TASK TO COMPLETE – Print the data exactly as written, but leave out each picture.

BEGIN DATA PROVIDED

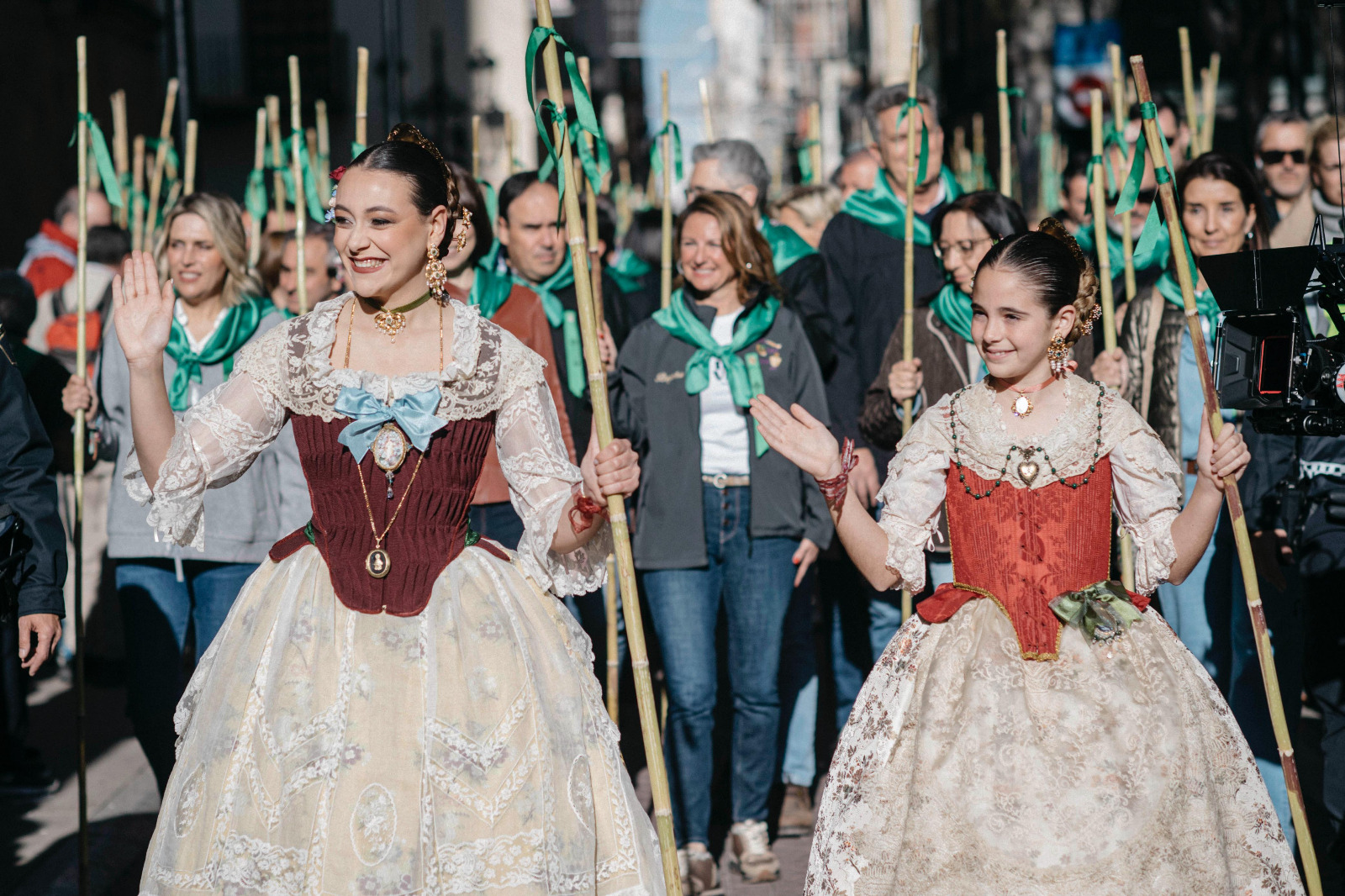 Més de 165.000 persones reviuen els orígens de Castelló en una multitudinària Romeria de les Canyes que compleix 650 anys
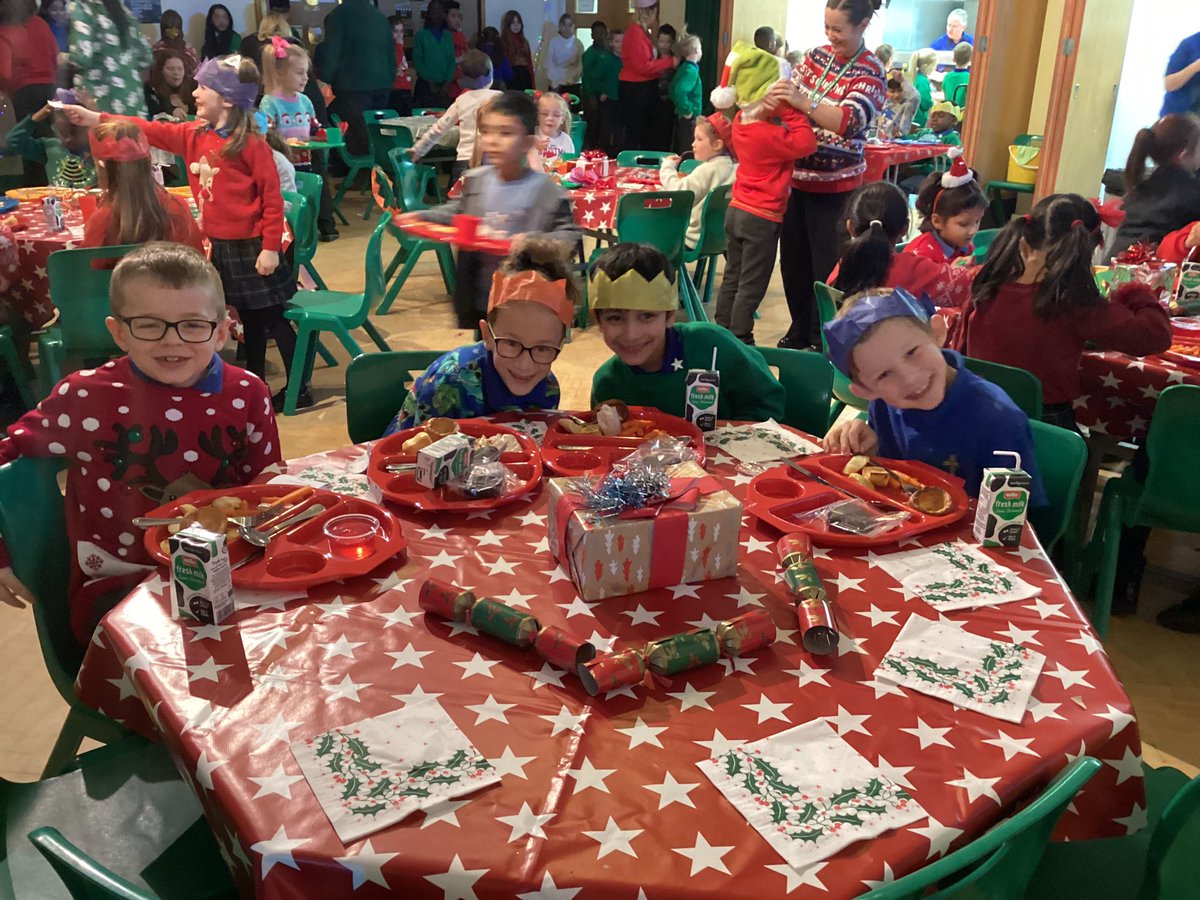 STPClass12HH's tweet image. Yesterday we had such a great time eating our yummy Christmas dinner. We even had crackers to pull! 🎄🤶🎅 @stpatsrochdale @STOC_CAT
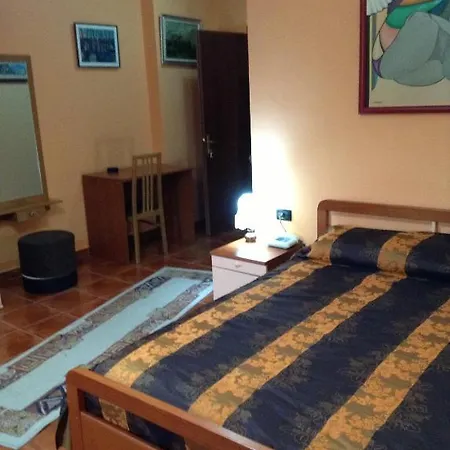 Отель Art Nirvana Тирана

END DATA PROVIDED

WRITTEN ANSWER –
 Més de 165.000 persones reviuen els orígens de Castelló en una multitudinària Romeria de les Canyes que compleix 650 anys
 STPClass12HH's tweet image. Yesterday we had such a great time eating our yummy Christmas dinner. We even had crackers to pull! 🎄🤶🎅 @stpatsrochdale @STOC_CAT
 Отель Art Nirvana Тирана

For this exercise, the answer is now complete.